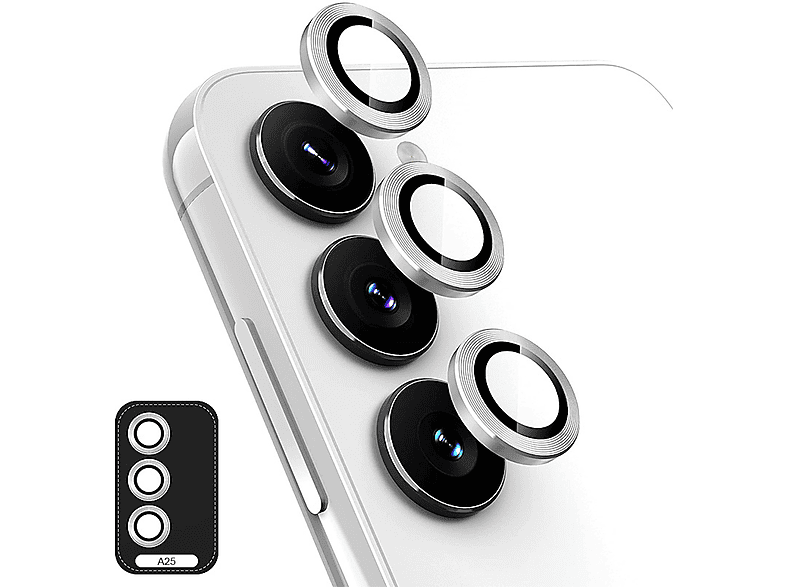 WIGENTO Aluminium Ring Back Kamera + H9 Hart Glas Film Schutzglas(für Samsung Galaxy A25 5G)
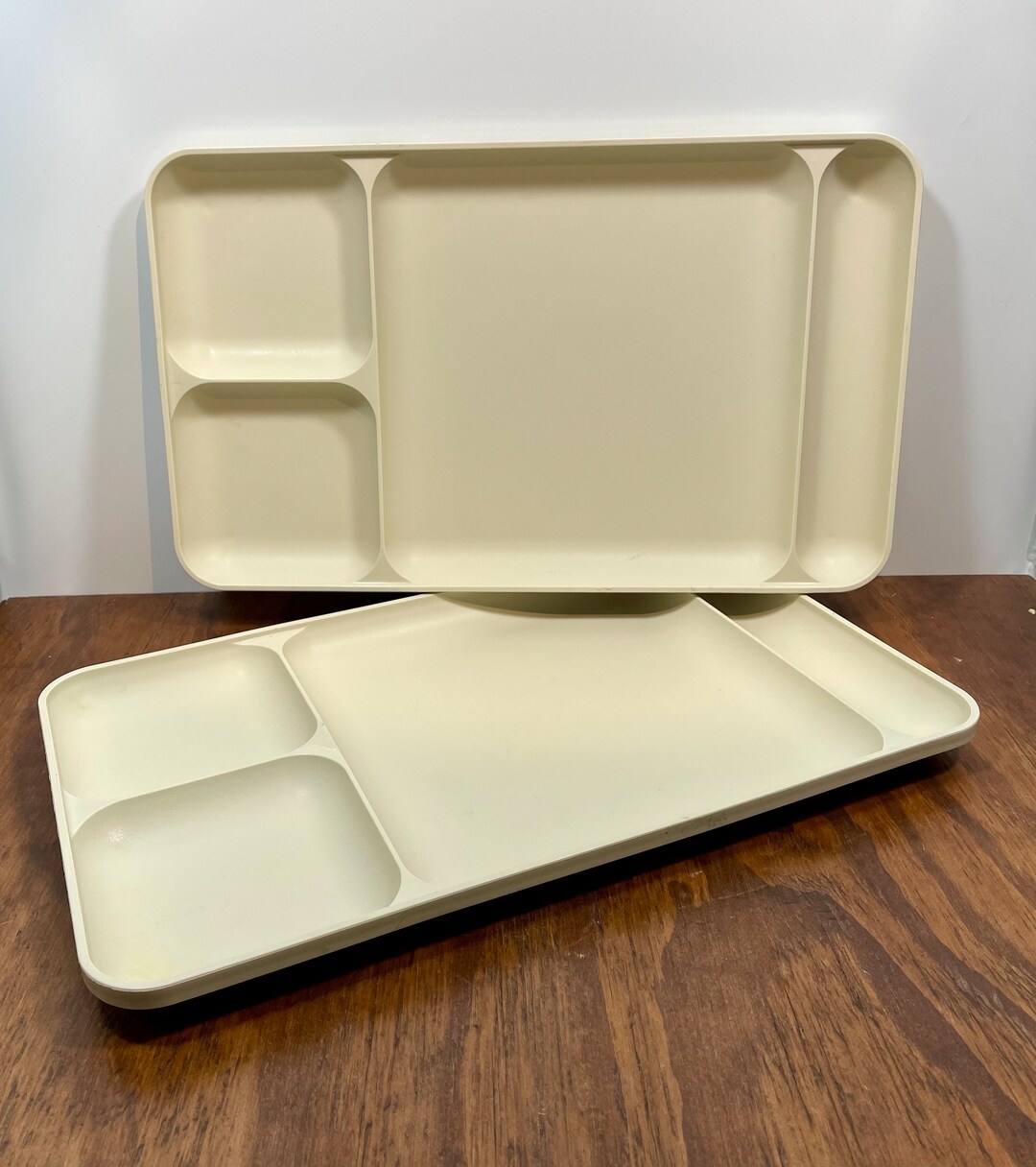 Vintage Tupperware Divided Trays Set of 2 for Lunch Dinner Snack Picnic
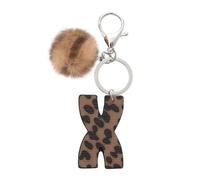 flowereyes Llavero de piel sintética con estampado animal de estilo vaquero retro para mujer, con un adorno de pompón, ideal para bolsos y carteras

++++++++

# Problem requirements
Restate the whole of the material word for word without the pictures.

# Answer box
 WIGENTO Aluminium Ring Back Kamera + H9 Hart Glas Film Schutzglas(für Samsung Galaxy A25 5G)
 Vintage Tupperware Divided Trays Set of 2 for Lunch Dinner Snack Picnic
 flowereyes Llavero de piel sintética con estampado animal de estilo vaquero retro para mujer, con un adorno de pompón, ideal para bolsos y carteras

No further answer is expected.